# [TASK TO COMPLETE]
Output every record exactly and leave each picture out.

*** Opening INFORMATION GIVEN ***

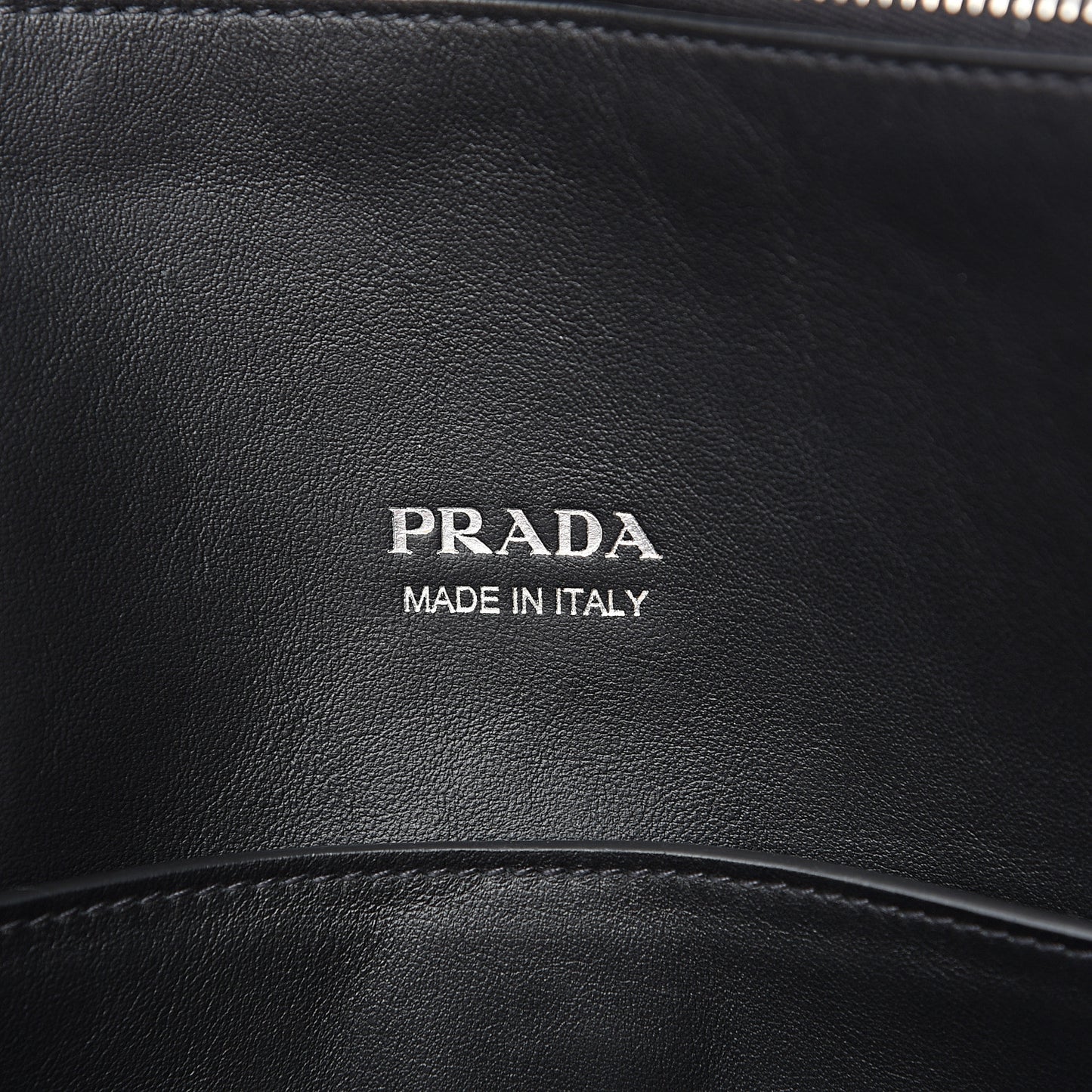Grace Lux Concept Tote Black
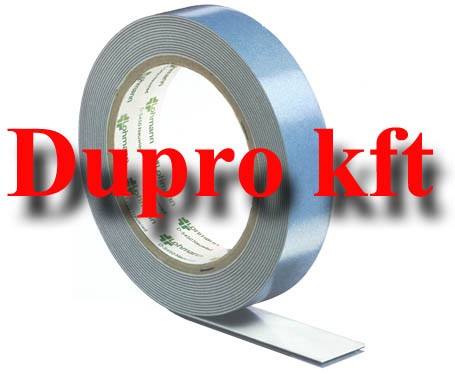 Dupro kft logó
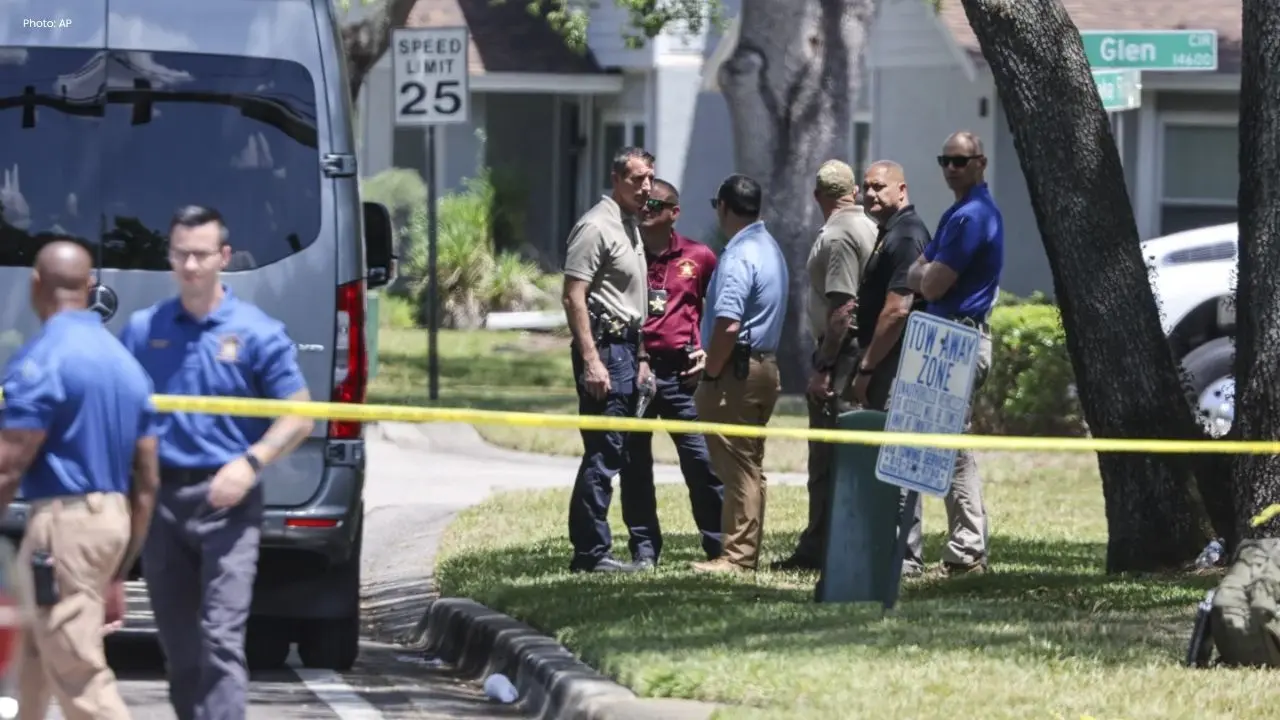 Florida Seeks Death Penalty in Case of Slain USF Students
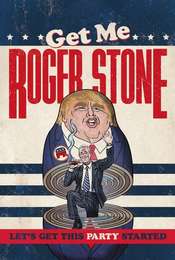 Get Me Roger Stone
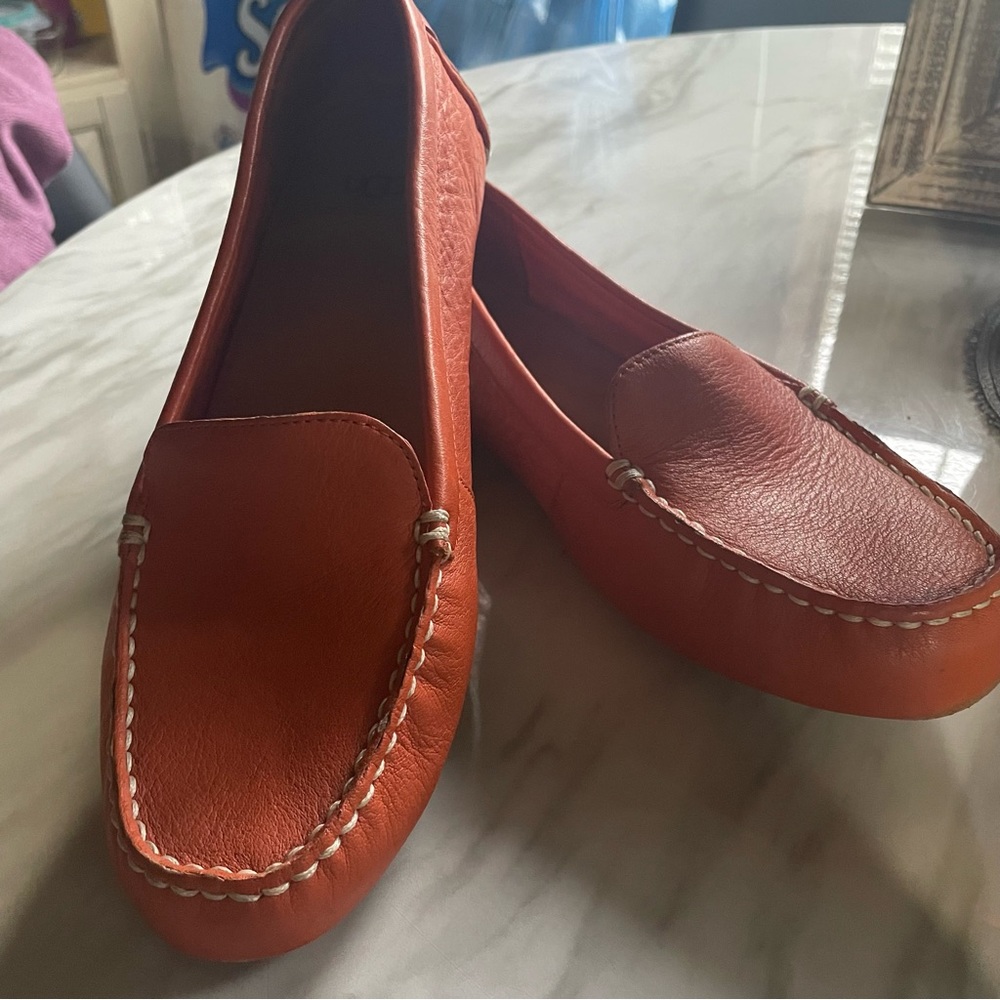 UGG Loafers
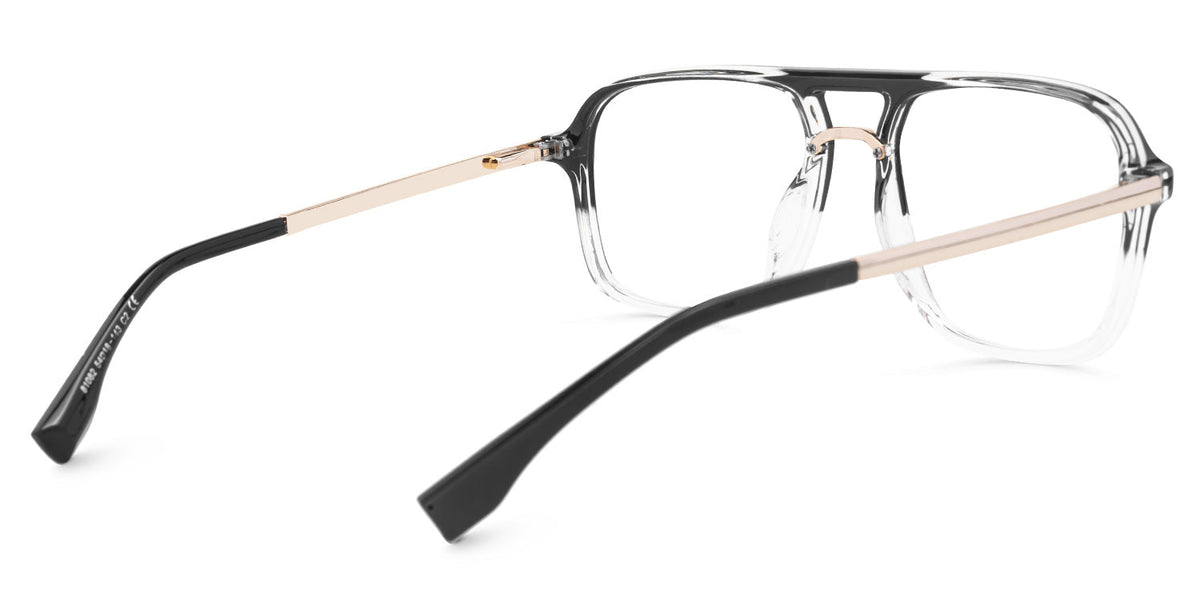 RAPTR VECTOR aviator prescription glasses — product view 8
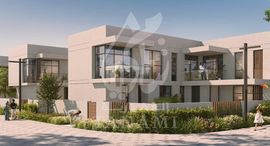 Available Units at The Sustainable City - Yas Island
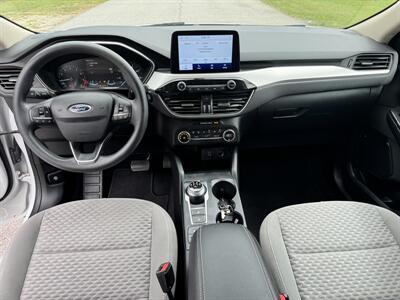 2020 Ford Escape SE   - Photo 13 - Loganville, GA 30052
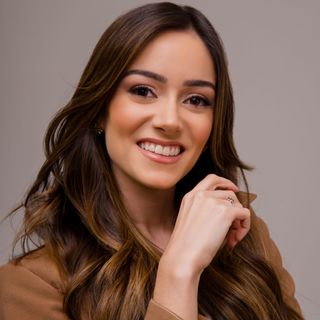 Anna Flávia  Castrillon, Especialista em Reprodução Humana Goiânia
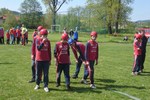 Obvodové kolo hry Plamen - Hrachovec 8. května 2008 – fotografie 24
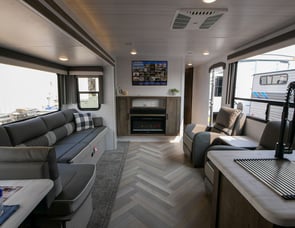 Forest River RV Salem 27RKS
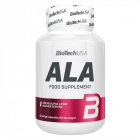 BioTechUSA ALA alpha lipoic acid kapszula 50db 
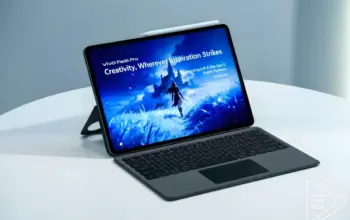 Vivo Pad6 Pro: Kekuatan Flagship dalam Tablet dengan Snapdragon 8 Elite Gen 5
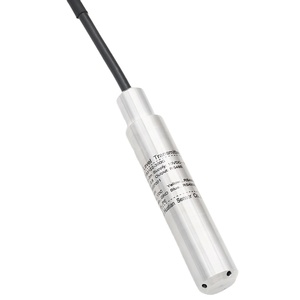 CYB3122 yüksek doğruluk diyafram dalgıç sıvı seviyesi verici üreticinin basınç verici - Product Image 1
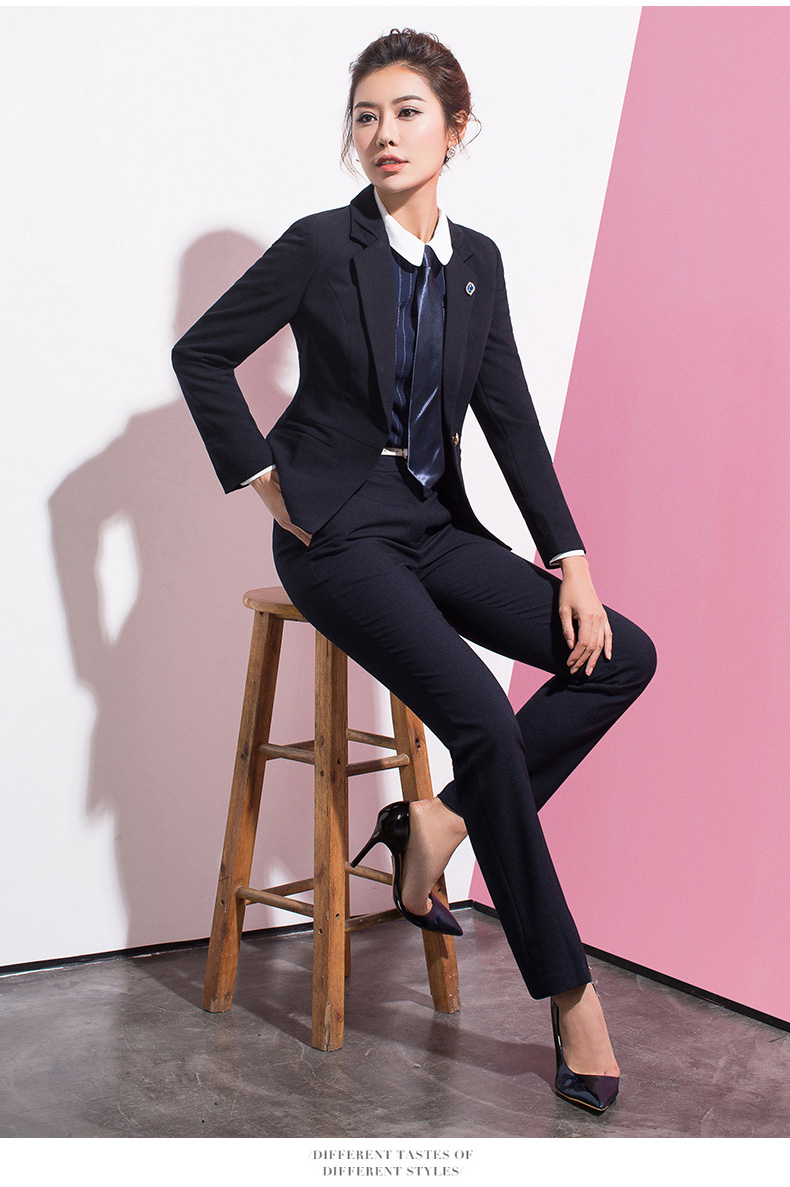 Tailleur femme - Ref 3245191 Image 15
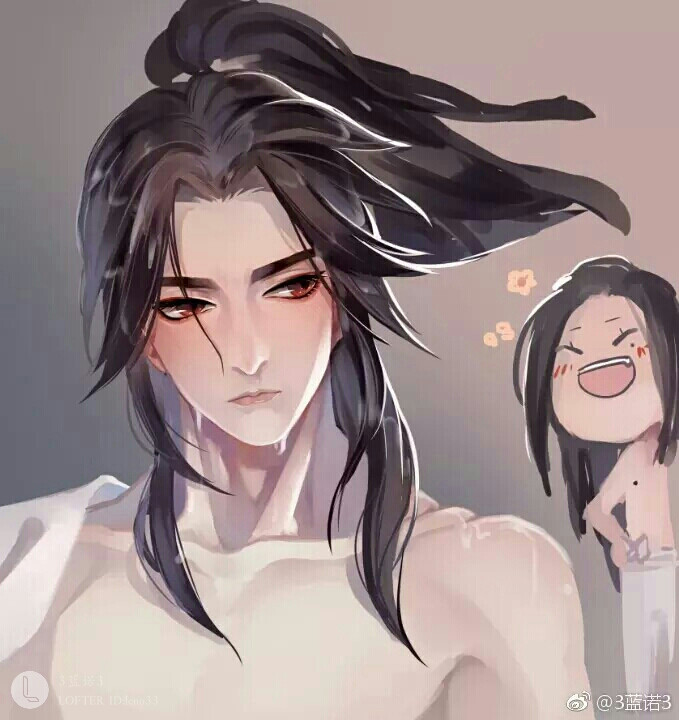 杀破狼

*** Closing INFORMATION GIVEN ***

# [RESPONSE FOR THIS EXERCISE]
Grace Lux Concept Tote Black
 Dupro kft logó
 Florida Seeks Death Penalty in Case of Slain USF Students
 Get Me Roger Stone
 UGG Loafers
 RAPTR VECTOR aviator prescription glasses — product view 8
 Available Units at The Sustainable City - Yas Island
 2020 Ford Escape SE   - Photo 13 - Loganville, GA 30052
 Anna Flávia  Castrillon, Especialista em Reprodução Humana Goiânia
 Obvodové kolo hry Plamen - Hrachovec 8. května 2008 – fotografie 24
 Forest River RV Salem 27RKS
 BioTechUSA ALA alpha lipoic acid kapszula 50db 
 Vivo Pad6 Pro: Kekuatan Flagship dalam Tablet dengan Snapdragon 8 Elite Gen 5
 CYB3122 yüksek doğruluk diyafram dalgıç sıvı seviyesi verici üreticinin basınç verici - Product Image 1
 Tailleur femme - Ref 3245191 Image 15
 杀破狼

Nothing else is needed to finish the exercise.